L’altro vertice della serata, diremmo sin oltre le attese, è costituito dal Macbeth di Ludovic Tézier, che si conferma il più importante baritono verdiano oggi in circolazione.Presenza carismatica senza aver mai bisogno di andare sopra le righe, cesella i suoni con perizia tecnica e sfoggia voce ferma ed omogenea in tutta l’estensione, sempre ben appoggiata sul fiato e salda negli estremi acuti che non lo impensieriscono.
Sbalza all’inizio la figura di un re giovane e baldanzoso, la cui vocalità si infittisce a poco a poco di accenti e mezzevoci a comporre il quadro dell’evoluzione psicologica di un personaggio sempre più perso verso la sua rovina, scollegato dalla realtà.A notte alta Honneurs, respect, tendresse è il coronamento di una prestazione esemplare.

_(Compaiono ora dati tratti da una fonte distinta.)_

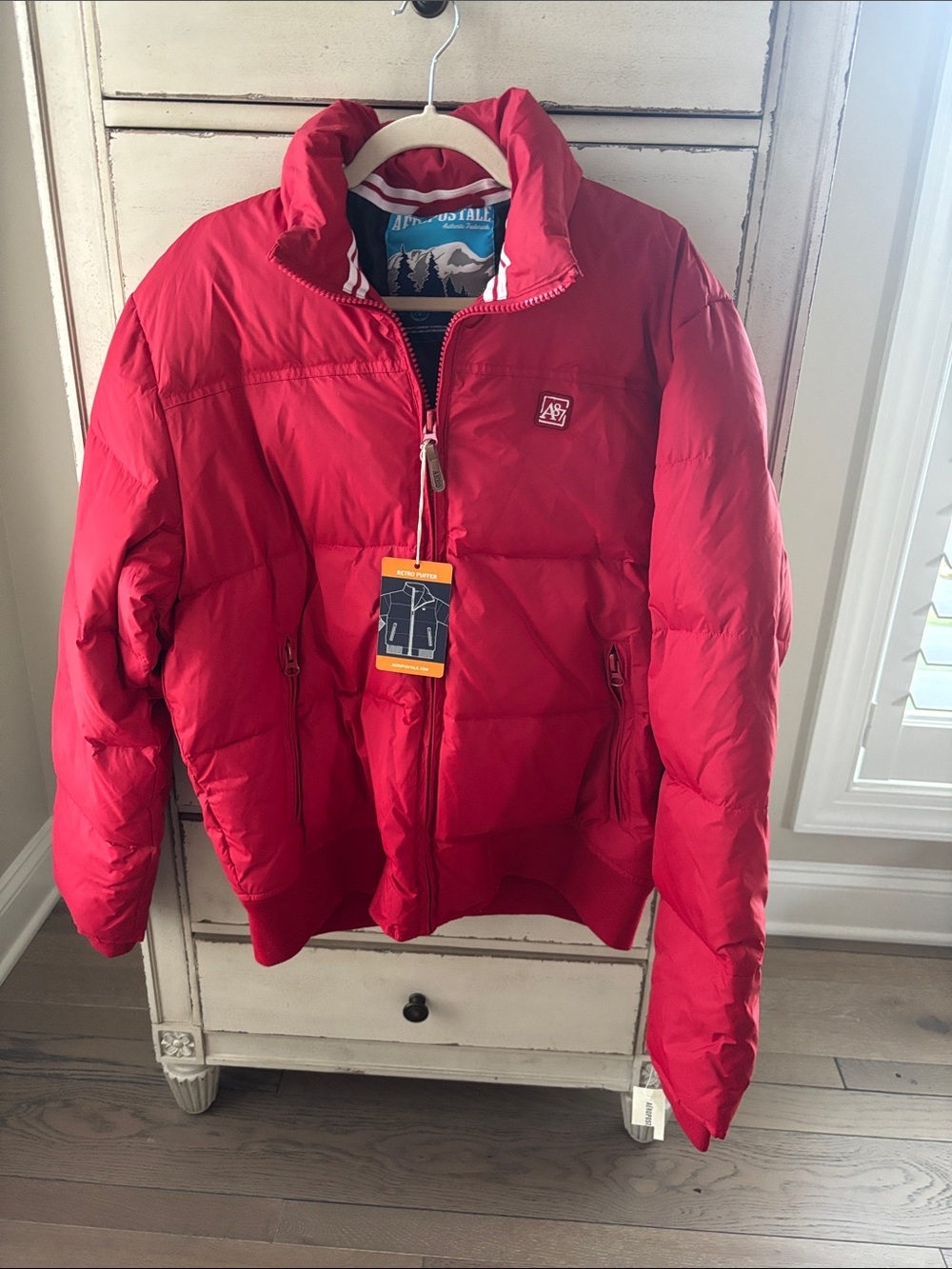 Vintage Aeropostale Retro Puffer Coat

A fronte di tanto re, Silvia Dalla Benetta pare talvolta più Abigaille che Lady Macbeth, quando nei grandi concertati e negli estremi acuti tiene testa a fatica al proprio personaggio. Si riscatta però quando la voce, nei centri e nell’ottava inferiore, può distendersi e arriva a tratteggiare una Lady luciferina ed insinuante, dalla forte presenza scenica.
A completare la distribuzione vocale, l’ottimo Banquo di Riccardo Zanellato, preciso, ben interpretato, dalla voce bella e salda, e le pregevoli voci tenorili di Giorgio Berrugi e David Astorga, come pure degni di lode tutti gli altri interpreti dei ruoli minori tra cui merita di essere ricordata almeno La Comtesse di Natalia Gavrilan.
Molto impegnato il Coro del locale Teatro Regio che si è ben disimpegnato, pur alle prese con la difficoltà di fraseggiare e rendere comprensibile il difficile testo francese.
Al termine della recita applausi meritati per tutti gli interpreti, particolarmente prolungati per Abbado, Tézier e Dalla Benetta e tanti complimenti al Festival Verdi per una sfida vinta alla grande sul piano organizzativo e musicale.